The more difficult question is the quantum of proof required of plaintiff. Must the political affiliation or nonaffiliation be the sole cause of the dismissal, or is it sufficient that the political posture be a substantial or motivating factor, although not the sole reason? It is true that in Branti the Court said, "to prevail in this type of an action, it was sufficient, as Elrod holds, for respondents to prove that they were discharged 'solely for the reason that they were not affiliated with or sponsored by the Democratic Party.'" Branti 445 U.S. at 517, quoting Elrod, 427 U.S. at 350.
However, in Mount Healthy School District v. Doyle, 429 U.S. 274, 50 L. Ed. 2d 471, 97 S. Ct. 568 (1977), Doyle sued the school district, claiming that the failure to renew his contract was based upon the exercise of his first amendment rights. The Court found the district court's original analysis inadequate and remanded for a determination of the motivation for the firing with the following guidelines: "Initially . . . the burden was properly placed upon respondent to show that his conduct was constitutionally protected, and that this conduct was a 'substantial factor' -- or, to put it in other words, that it was a 'motivating factor' in the Board's decision not to rehire him." Mount Healthy, 429 U.S. at 287 (footnote omitted).
Mount Healthy can only be read as not demanding that the political association (or non-association) be the sole factor. I do not believe that Branti and Elrod dictate a contrary result.
In the first place, the question of "sole cause" versus "substantial or motivating factor" was not before the Court in those cases. Mr. Justice Brennan defined the issue in Elrod : "This case presents the question whether the public employees who allege that they were discharged or threatened with discharge solely because of their partisan political affiliation or nonaffiliation state a claim for deprivation of constitutional rights secured by the First and Fourteenth Amendments." Elrod, 427 U.S. at 349.
Both Elrod and Branti focused on the definition of policy-making positions and not on the quantum of proof.
Of probably more importance is the nature of the freedom involved. If there are degrees of importance among the rights guaranteed by the first ten amendments -- and I believe there are -- freedom of speech and thought stands pre-eminent as the guarantor of a free democratic society.

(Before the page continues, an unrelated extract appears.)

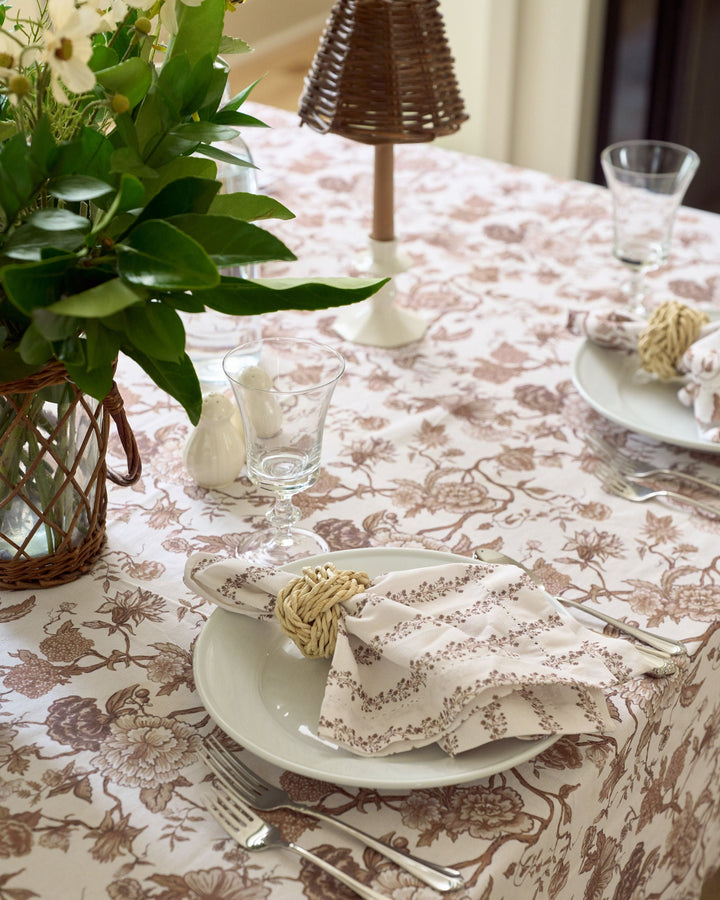 A close-up of a dining table set with a beige tablecloth featuring a brown floral toile-style pattern. The setting includes white plates, silver cutlery, a folded cream napkin with a brown floral print and a woven straw napkin ring, a glass, and a wicker basket vase with green leaves and white flowers.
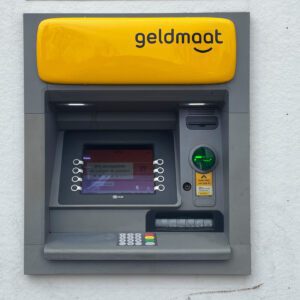 A yellow and grey atm machine on the wall.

For example, as our society has evolved and the character of the country has changed, the third amendment prohibiting the quartering of soldiers in private homes has faded into relative inconsequentiality. The first amendment, on the other hand, has grown in its broad protections to the point where an actual interference with freedom of expression is not required to invoke its protections. A mere "chilling effect" is sufficient. Dombrowski v. Pfister, 380 U.S. 479, 14 L. Ed. 2d 22, 85 S. Ct. 1116 (1965).
A rule that would require proof that political considerations be the sole reason for discharge would significantly narrow the ambit of first amendment guarantees. This is so because of man's inevitable imperfections. I venture to say that there is no human who has not made one mistake or more in the performance of his job. Based upon this quality of human nature, any boss in a political position would never be at a loss to find some error which could be made the basis of a charge of incompetence, a charge which could be asserted as at least a contributing reason for the discharge. Such a resolution would not adequately protect the employee's constitutional rights. "The constitutional principle at stake is sufficiently vindicated if such an employee is placed in no worse a position than if he had not engaged in the conduct. A borderline or marginal candidate should not have the employment question resolved against him because of the constitutionally protected conduct." Mount Healthy City Board of Education v. Doyle, 429 U.S. at 285-86.
An employee who shows that he or she would not have been fired but for the protected conduct must prevail if the right to engage in that conduct is to be meaningful. I therefore conclude that the only rule consonant with first amendment aims is that stated in Mount Healthy.